Memorize this basic differential op-amp circuit.



In general, R1 = R2 and Rf = Rg.

Voltage gain Av = Rf / R1 = Rg / R2

This can be written as
Vo = Av x (V2 - V1)
of
Vo = -Av x (V1 - V2)


We can add to our knowledge base this summing amplifier circuit:



With a combination of these two op-amp configurations, we can add or subtract different inputs by summing in the inverting and non-inverting inputs and at the same time apply some voltage gain.

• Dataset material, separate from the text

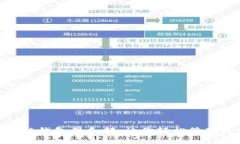 GUC区块链钱包俱乐部：让你轻松管理数字资产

Thus to scale 0-5V to -6 to +6V, you need a gain of 2.4
Then you need at add/subtract a DC bias in order to shift the output to the desired DC offset.

Hope this helps you.

 

What is the part number of the ADC? Have you checked whether there might be a way of setting it to accept 0-5V inputs?

 

There is a simple option.
Just connect the 0-5V input to your ADC. You will be using about 40% of the ADC range.

 

What is the part number of the ADC? Have you checked whether there might be a way of setting it to accept 0-5V inputs?

It is the ADS1118. Actually it is adjustable but all gain options are +-. The voltage is actually +-6.144v . I typically use 4-20 ma to 0-5v conversion with shunt resistor and an opamp I just couldn't figure how to get a neg offset and adjust the gain.

 

There is a simple option.
Just connect the 0-5V input to your ADC. You will be using about 40% of the ADC range.

need the full resolution of the op amp.

 

It is the ADS1118. Actually it is adjustable but all gain options are +-. The voltage is actually +-6.144v . I typically use 4-20 ma to 0-5v conversion with shunt resistor and an opamp I just couldn't figure how to get a neg offset and adjust the gain.

If you look in Section 7.1 of the datasheet, you will see that the lowest permissable input voltage without damage is -0.3V, so connecting it to -6V will break it.

 

If you look in Section 7.1 of the datasheet, you will see that the lowest permissable input voltage without damage is -0.3V, so connecting it to -6V will break it.

Look at table 3 Full-Scale Range and Corresponding LSB Size?

 

The ADS1118 measures differential signals, so it can measure ±6.144V difference between two pins, but neither of those pins may go below -0.3V or above +5.5V, so it can really only manage ±5.8V.
If you switch to the 4.096V range, it can measure ±4.096V between the pins at full resolution. If you use a single ended input, you can only get 15bit resolution. You have to decide if using an op-amp to generate the other half of a differential signal will give you the extra 1-bit of resolution, or whether the noise of the op-amp will lose it. Remember that 1 bit resolution on a 16-bit converter is a signal to noise ratio of 96dB. (1 bit in 15 bits is 90dB) With an op-amp it might not be that good.

Look at table 3 Full-Scale Range and Corresponding LSB Size?

I have - but Absolute Maximum Ratings trumps everything.

 

ok thanks for the clarification